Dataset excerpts
_____

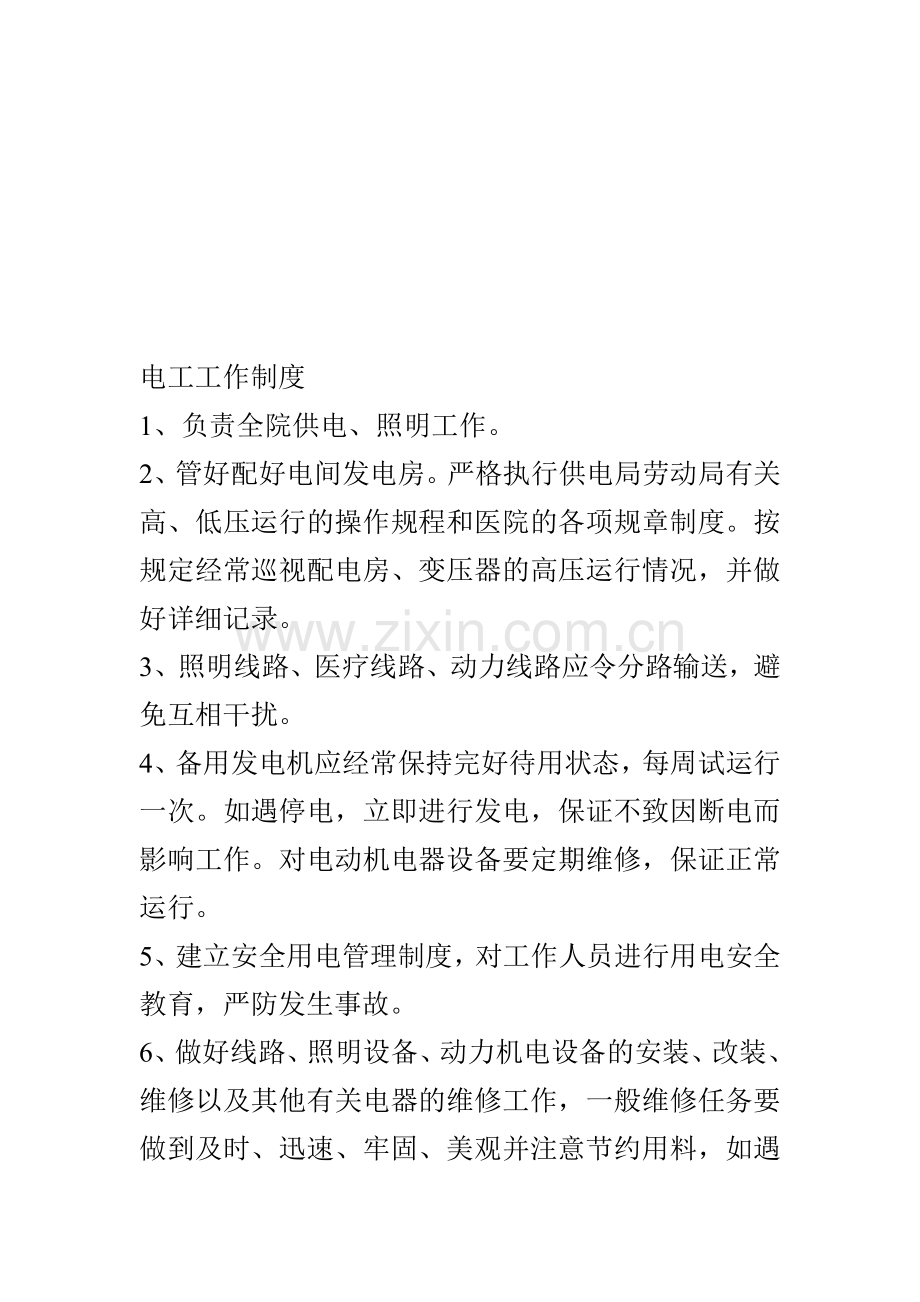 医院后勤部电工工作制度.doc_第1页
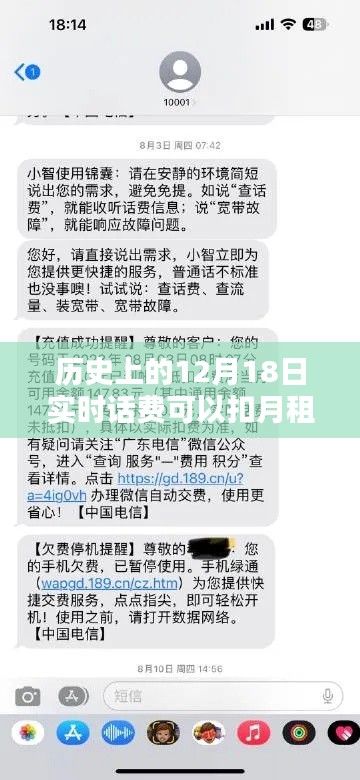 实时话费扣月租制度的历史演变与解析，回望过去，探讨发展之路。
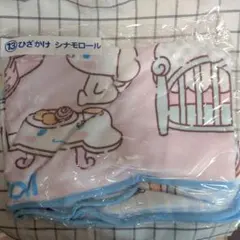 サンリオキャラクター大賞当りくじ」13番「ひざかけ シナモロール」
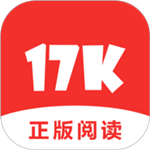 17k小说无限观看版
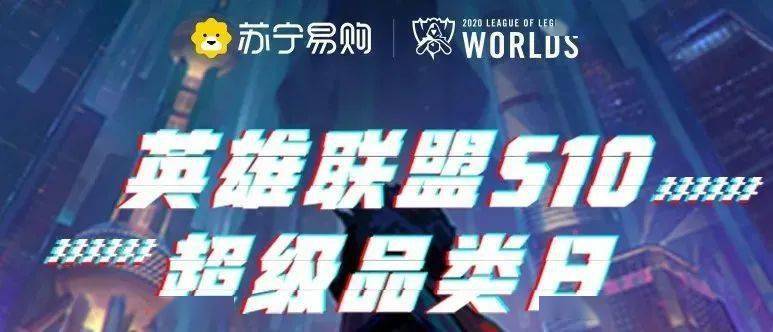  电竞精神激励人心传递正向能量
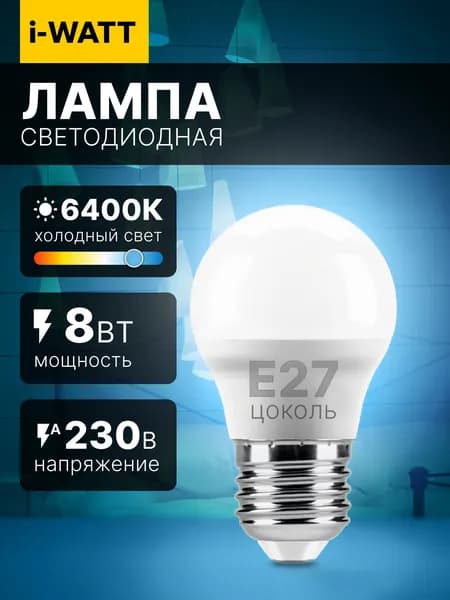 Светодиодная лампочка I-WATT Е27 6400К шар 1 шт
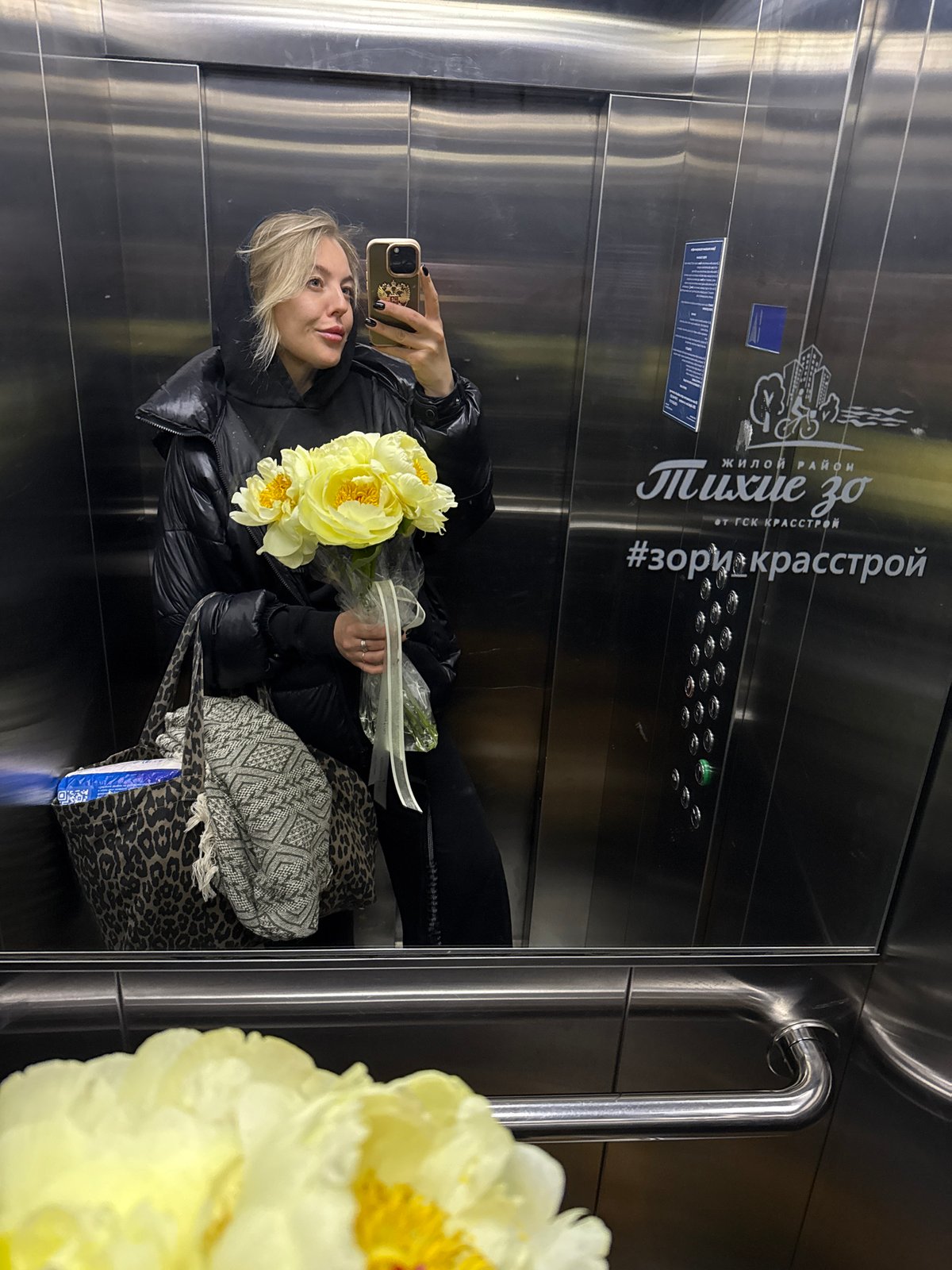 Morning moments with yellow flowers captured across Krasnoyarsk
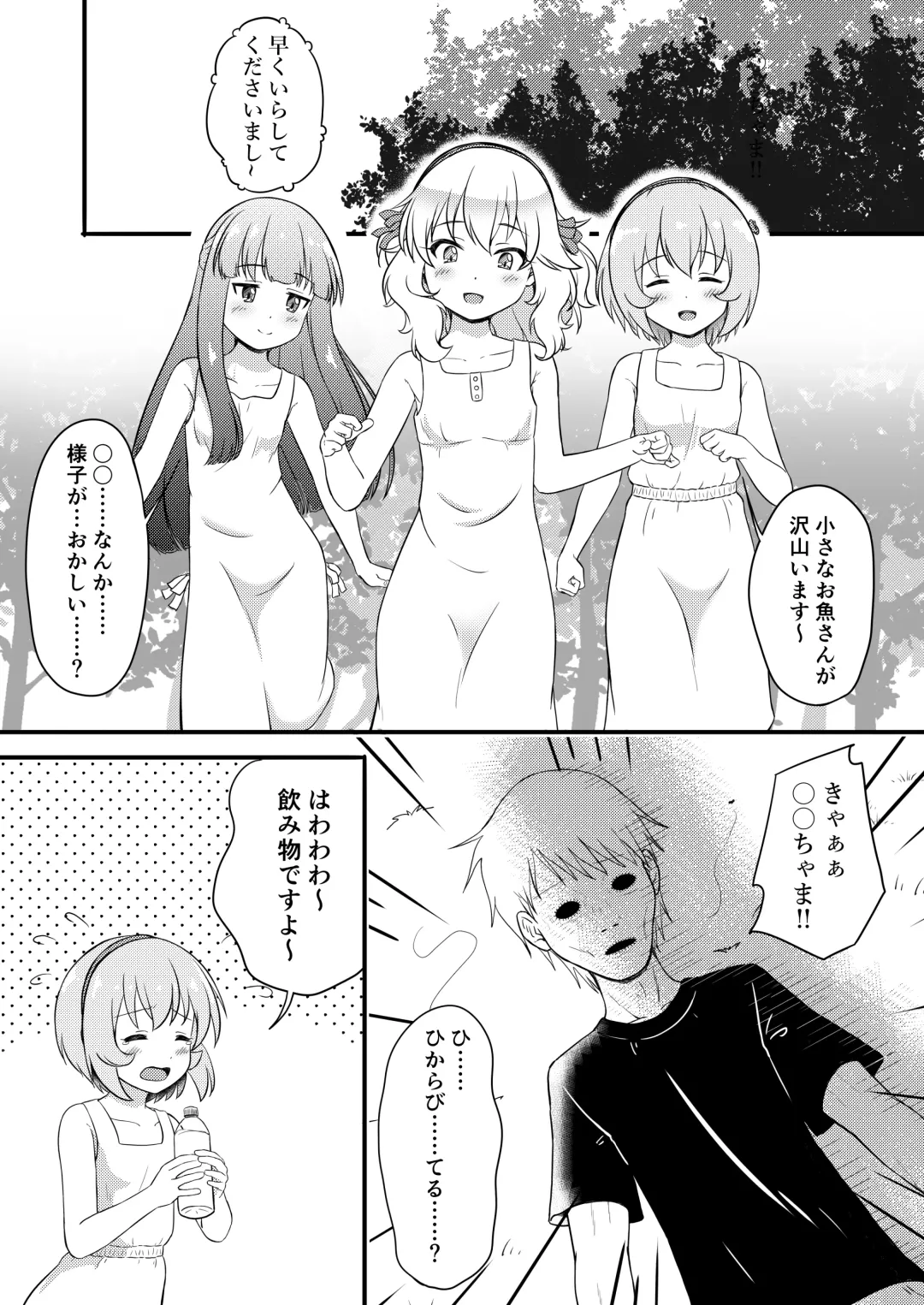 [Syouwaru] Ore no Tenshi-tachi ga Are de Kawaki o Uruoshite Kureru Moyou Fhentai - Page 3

_____

Beginning with the line that contains "电竞精神激励人心传递正向能量", output every line down to the last line of the entries above exactly as written, apart from the pictures.

  电竞精神激励人心传递正向能量
 Светодиодная лампочка I-WATT Е27 6400К шар 1 шт
 Morning moments with yellow flowers captured across Krasnoyarsk
 [Syouwaru] Ore no Tenshi-tachi ga Are de Kawaki o Uruoshite Kureru Moyou Fhentai - Page 3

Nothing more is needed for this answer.